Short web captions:
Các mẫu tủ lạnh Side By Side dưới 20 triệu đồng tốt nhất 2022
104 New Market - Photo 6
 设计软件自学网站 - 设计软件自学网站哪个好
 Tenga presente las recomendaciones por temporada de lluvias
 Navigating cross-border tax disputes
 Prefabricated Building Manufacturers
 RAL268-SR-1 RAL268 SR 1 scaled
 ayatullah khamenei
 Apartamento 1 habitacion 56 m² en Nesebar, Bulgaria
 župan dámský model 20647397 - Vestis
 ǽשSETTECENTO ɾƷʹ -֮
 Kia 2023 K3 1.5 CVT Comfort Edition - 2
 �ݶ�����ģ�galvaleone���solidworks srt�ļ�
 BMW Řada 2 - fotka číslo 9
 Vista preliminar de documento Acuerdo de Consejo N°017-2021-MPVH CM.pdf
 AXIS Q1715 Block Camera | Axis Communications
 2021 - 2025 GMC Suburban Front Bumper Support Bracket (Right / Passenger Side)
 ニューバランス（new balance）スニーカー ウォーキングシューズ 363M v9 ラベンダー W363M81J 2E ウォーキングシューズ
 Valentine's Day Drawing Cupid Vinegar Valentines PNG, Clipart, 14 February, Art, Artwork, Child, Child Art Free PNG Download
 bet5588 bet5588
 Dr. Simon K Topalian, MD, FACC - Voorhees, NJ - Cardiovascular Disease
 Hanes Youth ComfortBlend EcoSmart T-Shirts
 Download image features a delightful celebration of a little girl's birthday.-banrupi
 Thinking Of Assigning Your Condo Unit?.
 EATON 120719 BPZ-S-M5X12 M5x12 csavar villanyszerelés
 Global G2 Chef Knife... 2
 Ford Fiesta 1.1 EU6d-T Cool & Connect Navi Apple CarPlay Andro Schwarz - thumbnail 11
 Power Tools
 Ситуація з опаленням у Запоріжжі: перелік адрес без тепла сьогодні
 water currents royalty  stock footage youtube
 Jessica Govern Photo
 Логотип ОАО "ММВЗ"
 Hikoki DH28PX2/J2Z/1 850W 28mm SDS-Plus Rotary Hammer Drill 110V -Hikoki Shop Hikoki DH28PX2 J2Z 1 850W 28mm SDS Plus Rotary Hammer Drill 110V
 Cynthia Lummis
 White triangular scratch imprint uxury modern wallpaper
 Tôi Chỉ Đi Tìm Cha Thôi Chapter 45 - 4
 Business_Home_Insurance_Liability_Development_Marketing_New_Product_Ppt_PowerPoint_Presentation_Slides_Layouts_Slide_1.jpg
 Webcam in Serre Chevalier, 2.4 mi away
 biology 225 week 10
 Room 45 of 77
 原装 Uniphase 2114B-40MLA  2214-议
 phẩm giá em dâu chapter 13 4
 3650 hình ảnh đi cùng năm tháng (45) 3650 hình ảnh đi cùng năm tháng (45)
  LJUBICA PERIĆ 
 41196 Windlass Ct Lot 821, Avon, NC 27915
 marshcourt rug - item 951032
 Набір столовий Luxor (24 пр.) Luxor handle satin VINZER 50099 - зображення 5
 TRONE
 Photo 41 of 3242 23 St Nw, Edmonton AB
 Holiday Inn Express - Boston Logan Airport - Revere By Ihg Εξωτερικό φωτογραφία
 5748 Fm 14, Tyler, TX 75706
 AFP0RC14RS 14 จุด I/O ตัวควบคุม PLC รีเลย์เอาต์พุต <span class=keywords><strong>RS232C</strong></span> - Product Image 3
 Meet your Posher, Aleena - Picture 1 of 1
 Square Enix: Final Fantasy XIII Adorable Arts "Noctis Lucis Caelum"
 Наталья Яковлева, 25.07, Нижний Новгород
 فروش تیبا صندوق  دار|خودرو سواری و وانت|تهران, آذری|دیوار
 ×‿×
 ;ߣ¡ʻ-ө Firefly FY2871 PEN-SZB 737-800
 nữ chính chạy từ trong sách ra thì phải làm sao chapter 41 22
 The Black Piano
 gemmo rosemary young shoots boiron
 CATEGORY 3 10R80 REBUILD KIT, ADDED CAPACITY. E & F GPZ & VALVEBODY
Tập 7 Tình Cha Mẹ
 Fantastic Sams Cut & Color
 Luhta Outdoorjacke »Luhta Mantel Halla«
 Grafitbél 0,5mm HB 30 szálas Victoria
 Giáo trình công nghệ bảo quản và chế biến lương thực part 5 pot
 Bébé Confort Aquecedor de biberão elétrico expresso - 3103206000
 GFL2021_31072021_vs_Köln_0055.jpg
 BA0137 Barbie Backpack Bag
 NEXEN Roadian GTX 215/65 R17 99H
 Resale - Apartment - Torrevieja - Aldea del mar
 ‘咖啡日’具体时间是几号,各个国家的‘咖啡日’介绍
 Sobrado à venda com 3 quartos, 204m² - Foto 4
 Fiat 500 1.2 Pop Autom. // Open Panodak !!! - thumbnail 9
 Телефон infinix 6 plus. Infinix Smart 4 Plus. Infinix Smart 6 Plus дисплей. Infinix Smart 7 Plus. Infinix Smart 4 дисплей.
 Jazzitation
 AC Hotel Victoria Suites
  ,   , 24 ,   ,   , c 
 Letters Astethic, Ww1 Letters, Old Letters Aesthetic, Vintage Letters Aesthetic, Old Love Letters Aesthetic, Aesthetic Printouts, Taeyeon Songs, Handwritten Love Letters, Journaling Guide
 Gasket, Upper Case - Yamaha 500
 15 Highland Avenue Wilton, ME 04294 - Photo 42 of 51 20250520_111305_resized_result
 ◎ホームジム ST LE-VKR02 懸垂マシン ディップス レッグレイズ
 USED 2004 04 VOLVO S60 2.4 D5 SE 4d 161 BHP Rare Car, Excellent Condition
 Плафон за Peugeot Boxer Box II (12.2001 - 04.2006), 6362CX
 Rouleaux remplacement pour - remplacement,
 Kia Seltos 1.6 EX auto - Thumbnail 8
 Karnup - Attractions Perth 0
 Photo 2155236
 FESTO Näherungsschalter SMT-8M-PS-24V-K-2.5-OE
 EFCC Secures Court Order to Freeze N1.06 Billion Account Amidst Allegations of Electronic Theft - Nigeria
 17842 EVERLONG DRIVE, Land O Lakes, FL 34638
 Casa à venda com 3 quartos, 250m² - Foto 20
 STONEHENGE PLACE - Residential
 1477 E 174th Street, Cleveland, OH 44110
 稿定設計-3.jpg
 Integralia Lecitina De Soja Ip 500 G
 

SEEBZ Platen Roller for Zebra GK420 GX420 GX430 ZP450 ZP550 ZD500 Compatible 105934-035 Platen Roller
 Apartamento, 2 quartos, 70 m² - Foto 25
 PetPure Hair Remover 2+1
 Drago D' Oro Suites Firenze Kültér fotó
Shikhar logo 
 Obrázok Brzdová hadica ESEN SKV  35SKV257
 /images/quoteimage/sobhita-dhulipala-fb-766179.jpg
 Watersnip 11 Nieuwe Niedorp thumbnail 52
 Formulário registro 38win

**Problem to solve:**
Print the lines above, unchanged, from the start of the records to the line with "Power Tools", including that final line.

**Answer space:**
Các mẫu tủ lạnh Side By Side dưới 20 triệu đồng tốt nhất 2022
104 New Market - Photo 6
 设计软件自学网站 - 设计软件自学网站哪个好
 Tenga presente las recomendaciones por temporada de lluvias
 Navigating cross-border tax disputes
 Prefabricated Building Manufacturers
 RAL268-SR-1 RAL268 SR 1 scaled
 ayatullah khamenei
 Apartamento 1 habitacion 56 m² en Nesebar, Bulgaria
 župan dámský model 20647397 - Vestis
 ǽשSETTECENTO ɾƷʹ -֮
 Kia 2023 K3 1.5 CVT Comfort Edition - 2
 �ݶ�����ģ�galvaleone���solidworks srt�ļ�
 BMW Řada 2 - fotka číslo 9
 Vista preliminar de documento Acuerdo de Consejo N°017-2021-MPVH CM.pdf
 AXIS Q1715 Block Camera | Axis Communications
 2021 - 2025 GMC Suburban Front Bumper Support Bracket (Right / Passenger Side)
 ニューバランス（new balance）スニーカー ウォーキングシューズ 363M v9 ラベンダー W363M81J 2E ウォーキングシューズ
 Valentine's Day Drawing Cupid Vinegar Valentines PNG, Clipart, 14 February, Art, Artwork, Child, Child Art Free PNG Download
 bet5588 bet5588
 Dr. Simon K Topalian, MD, FACC - Voorhees, NJ - Cardiovascular Disease
 Hanes Youth ComfortBlend EcoSmart T-Shirts
 Download image features a delightful celebration of a little girl's birthday.-banrupi
 Thinking Of Assigning Your Condo Unit?.
 EATON 120719 BPZ-S-M5X12 M5x12 csavar villanyszerelés
 Global G2 Chef Knife... 2
 Ford Fiesta 1.1 EU6d-T Cool & Connect Navi Apple CarPlay Andro Schwarz - thumbnail 11
 Power Tools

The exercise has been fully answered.